The claim comes barely a month before the trailer for The Matrix Resurrections went live, and in some roundabout way it makes sense. How could Matrix 4 feature an aged Neo and Trinity in Keanu Reeves and Carrie-Anne Moss, but not a Morpheus in his prime? The only explanation is Yahya Abdul-Mateen II’s Morpheus is either a different individual using Laurence Fishburne’s residual data as cover, or the very same Morpheus — just retrieved from erasure and inexplicably recovered thanks to technology of the time, hence the title of the film. The form redpills assume in the Matrix are essentially self-actualized computer software and if an operating system can be restored to its last working state, then so can Morpheus. In this case, one of his only functional restore points must be a younger Morpheus predating even Trinity. No such caveats were mentioned in The Matrix Online, however.

Though the game had Lana and Lilly Wachowski’s blessing, it’s unclear if the events of The Matrix Online are considered main movie canon, or simply one giant what-if. Then again, MxO (as it was popularly known) introduced plenty of new features that were absent in the original trilogy, many of which have since overturned what we thought we knew for sure about the Matrix. New factions have broken off from the Zion, Machines, and Merovingian as a direct consequence of Neo’s death and redpills can now respawn indefinitely when killed inside the Matrix. The trailer for The Matrix Resurrections released today wasn’t entirely coy about the details of the plot, as many of The Matrix Online overhauls seem to have made it to the sequel. Check it out below:

For one, it’s obvious from the get-go Neo had respawned in Mega City in the decades since his “death” in The Matrix Revolutions. The Matrix now reflects technological shockwaves that have transpired in our world: things like expansive mental health options, updated clothes and aesthetics, and commuters unmistakably staring at their tablets and smartphones. Changes Neo doesn’t seem to recognize, despite having aged in the Matrix as a bluepill. Aside from Morpheus in The Matrix Online, Trinity is another character to have given her life in service of her cause all the way back in The Matrix Revolutions, and yet she is back on the frontlines as a bluepill, with zero inkling of the events that had taken place.
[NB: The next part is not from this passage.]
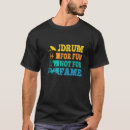Pesquisar por tambor camisetas Diversão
It seems as if redpills lose all memory of the Matrix when they respawn and become bluepills, which might explain the altered conditions. The young Morpheus appears in the trailer fully self-aware, which suggests a sufficient amount of time has already passed since his murder in The Matrix Online. After all, despite being a redpill, Abdul-Mateen’s version doesn’t seem to remember Neo either. Everything feels like déjà vu — a hazy memory of a past life.

The Matrix Resurrections, which seems to pick up where The Matrix Online left off, stars Keanu Reeves, Carrie-Anne Moss, Yahya Abdul-Mateen II, Jada Pinkett Smith, Lambert Wilson, Daniel Bernhardt, Jessica Henwick, Jonathan Geoff, Neil Patrick Harris, Priyanka Chopra Jonas, Christina Ricci, Telma Hopkins, Toby Onwumere, Max Riemelt, Brian J. Smith, Eréndira Ibarra, Andrew Caldwell, and Ellen Hollman. Director Lana Wachowski wrote the screenplay with novelist David Mitchell (Cloud Atlas) and essayist Aleksandar Hemon (The Lazarus Project). It comes out on December 22.